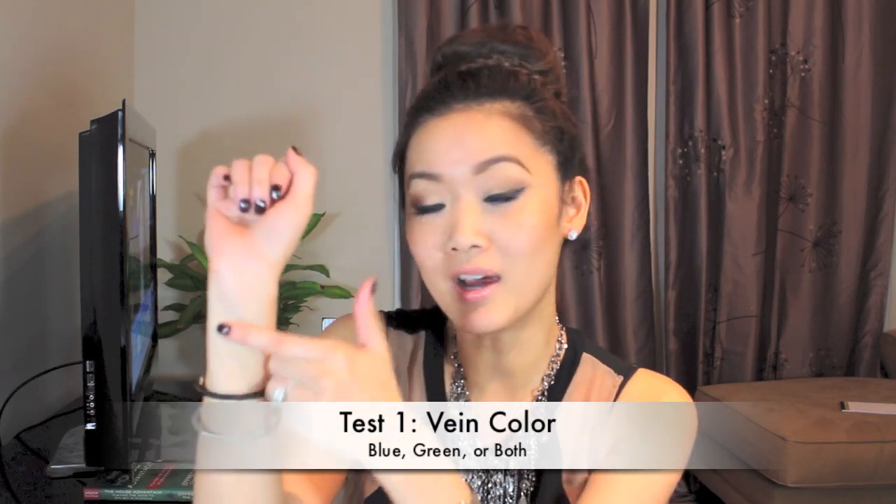One test you can do is the vein test. Go ahead and look at the wrist part of your arm. If you look at your vein and see more of a blue color, then it means that you're a cool tone. Whereas if you see your veins in a greenish color, then you're actually going to be a warm undertone.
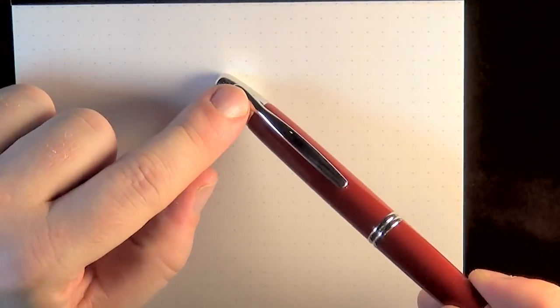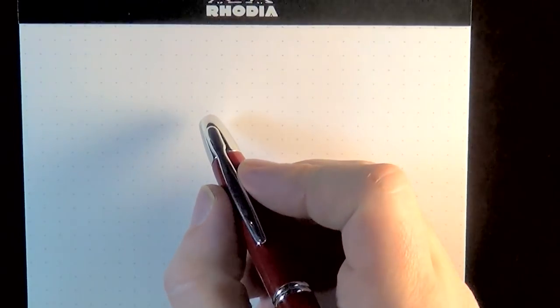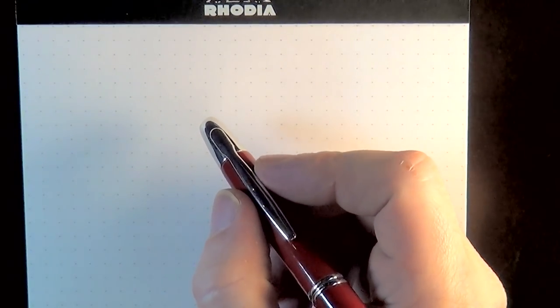The one thing about having the clip on the writing end is that depending on your grip, you're going to hate this pen or it won't bother you. If you've got a grip that brings your hand over the top of the pen or you roll your grip, it's going to be problematic. A kind of standard grip will work fine.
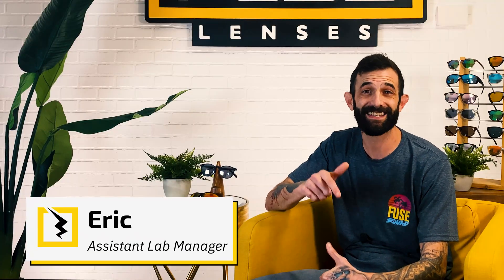Hey, everyone. Welcome back to the Experience Life Through Fuse Lenses YouTube channel. I'm Eric, and this is the destination on YouTube to stay updated on eye health, sun protection, and all things sunglasses.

What you need to do. Only the pictures may be dropped when you copy the data above; everything else stays exact.

Solved problem.
One test you can do is the vein test. Go ahead and look at the wrist part of your arm. If you look at your vein and see more of a blue color, then it means that you're a cool tone. Whereas if you see your veins in a greenish color, then you're actually going to be a warm undertone.
The one thing about having the clip on the writing end is that depending on your grip, you're going to hate this pen or it won't bother you. If you've got a grip that brings your hand over the top of the pen or you roll your grip, it's going to be problematic. A kind of standard grip will work fine.
Hey, everyone. Welcome back to the Experience Life Through Fuse Lenses YouTube channel. I'm Eric, and this is the destination on YouTube to stay updated on eye health, sun protection, and all things sunglasses.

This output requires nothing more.